Literature: With Love, Grief & Fury with Salena Godden & Friends
- Tue 07 May 2024
- 7:00 pm
- £5.00
Blackwell’s bookshop is thrilled to be welcoming Salena Godden to Manchester for the launch of With Love, Grief and Fury – the stunning new collection full of comfort, vulnerability, rage and inspiration from one of the powerhouses of British poetry. Salena will be supported by Christine Roseeta Walker and Rebecca Hurst who will be reading from their new collections Coco Island and The Iron Bridge.
Doors: 7.00, starts: 7.30
Tickets are £5.00 or free when pre-ordering a copy of WITH LOVE, GRIEF AND FURY. Copies will also be available to purchase on the night alongside COCO ISLAND and THE IRON BRIDGE and all three poets will be happy to sign their work. If you would like a signed copy but cannot make the event, please contact us on 0161 274 3331 or manchester@blackwell.co.uk and we can arrange this for you.
About the books:
With Love, Grief and Fury – Salena Godden
With Love, Grief and Fury contains love poems, for people and the planet. Grief poems brimming with compassion, mourning what was and contemplating what could be. And poems of fire and fury that will kick some ass, tell the truth and inspire change and hope.
Over thirty years after she first stormed the UK poetry scene, the trailblazing and award-winning writer Salena Godden has produced her most audacious and definitive collection to date. Like a big sister’s arm around your shoulder, With Love, Grief and Fury is important and nourishing for the soul.
Salena Godden FRSL is an award-winning author, poet and broadcaster of Jamaican-mixed heritage based in London.
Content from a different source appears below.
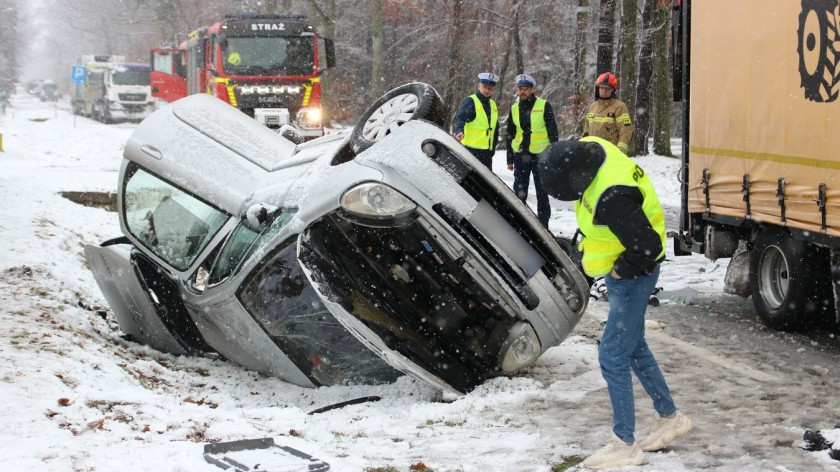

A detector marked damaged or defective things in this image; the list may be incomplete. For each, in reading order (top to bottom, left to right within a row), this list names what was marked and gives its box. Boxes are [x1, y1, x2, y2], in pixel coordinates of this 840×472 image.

overturned silver car [83, 82, 584, 394]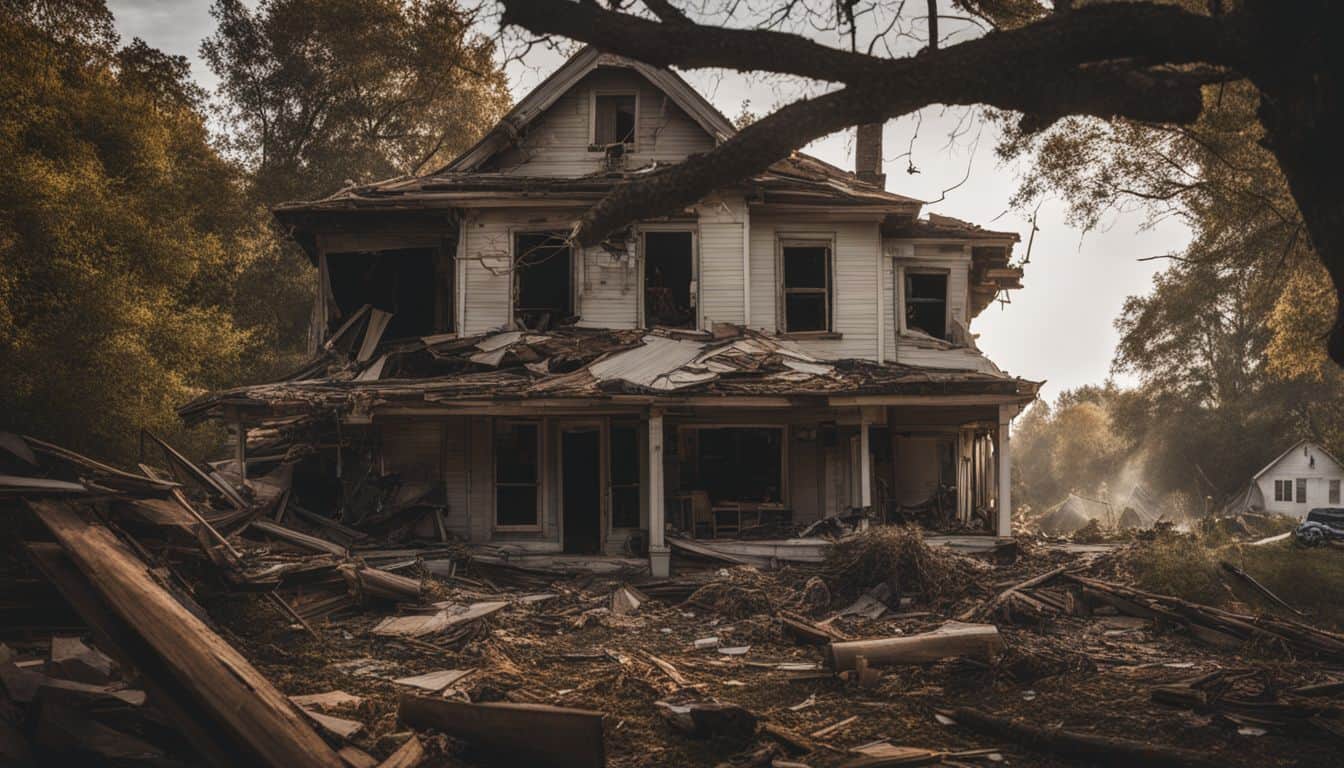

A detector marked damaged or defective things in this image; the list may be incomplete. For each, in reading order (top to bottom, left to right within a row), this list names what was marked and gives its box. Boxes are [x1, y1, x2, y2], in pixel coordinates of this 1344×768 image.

Her debut novel Mrs Death Misses Death won the Indie Book Award for Fiction and the People’s Book Prize, and was shortlisted for the British Book Awards and the Gordon Burn Prize. Film and TV rights for Mrs Death Misses Death have been optioned by Idris Elba’s production company Green Door Pictures. Godden has been shortlisted for the 4thWrite short story prize and the Ted Hughes Prize. Her work has been widely anthologised and broadcast on radio, TV and film. Her poem Pessimism is for Lightweights is on permanent display at the People’s History Museum, Manchester. She was inducted as a Fellow of the Royal Society of Literature in 2022.
Coco Island – Christine Roseeta Walker
Christine Roseeta Walker’s first book is set entirely in Negril, Jamaica. Coco Island presents a compelling cycle of poems, attentive to the undertow and hidden forces that shape a place and its people. In narrative poems, in songs, in fables, in comic scenes, ghost stories and vivid character sketches – especially of girls and women – Walker artfully lays bare how economic necessity, religious belief, illness and addiction reach far into the structures of family life and community. Piecing together the isolated lives of those left behind as the island modernises, her fearless, memorable poems chart the devastation of a world.
Christine Roseeta Walker is a Jamaican poet and novelist living on the outskirts of Manchester, England. She studied Creative Writing at the University of Salford and the University of Manchester. Her debut novel, The Grass is Weeping, is a revenge tragedy set in Jamaica. She also works as a commissioned poet with an archaeologist working in the Peak District, and she spends her time writing and organising poetry reading workshops in care homes for people living with dementia.
The Iron Bridge – Rebecca Hurst
Rebecca Hurst’s first collection bridges memory and observation, noting the detail of the natural world and our changing relation to it. The book’s places are made familiar by walking. It encounters other worlds alive with new and recovered ideas and images – from the folk traditions of her Sussex childhood, to archival encounters with a nineteenth-century nurse-explorer, and her undergraduate training as a Kremlinologist. Her language is deeply rooted, as keenly aware of etymologies as of history. Shaped by myth, history and desire, the poems of The Iron Bridge are theatrical, fierce, music-infused.
Rebecca Hurst is a writer, opera-maker, illustrator and researcher based in Greater Manchester. Her poetry has appeared in various magazines and anthologies, including Carcanet’s New Poetries VIII. She is the author of a poetry pamphlet, The Fox’s Wedding (Emma Press, 2022). Rebecca has a PhD from the University of Manchester, and is co-founder of the Voicings Collective, an ensemble that devises new music theatre, and teaches creative writing in schools, universities, museums, and the community.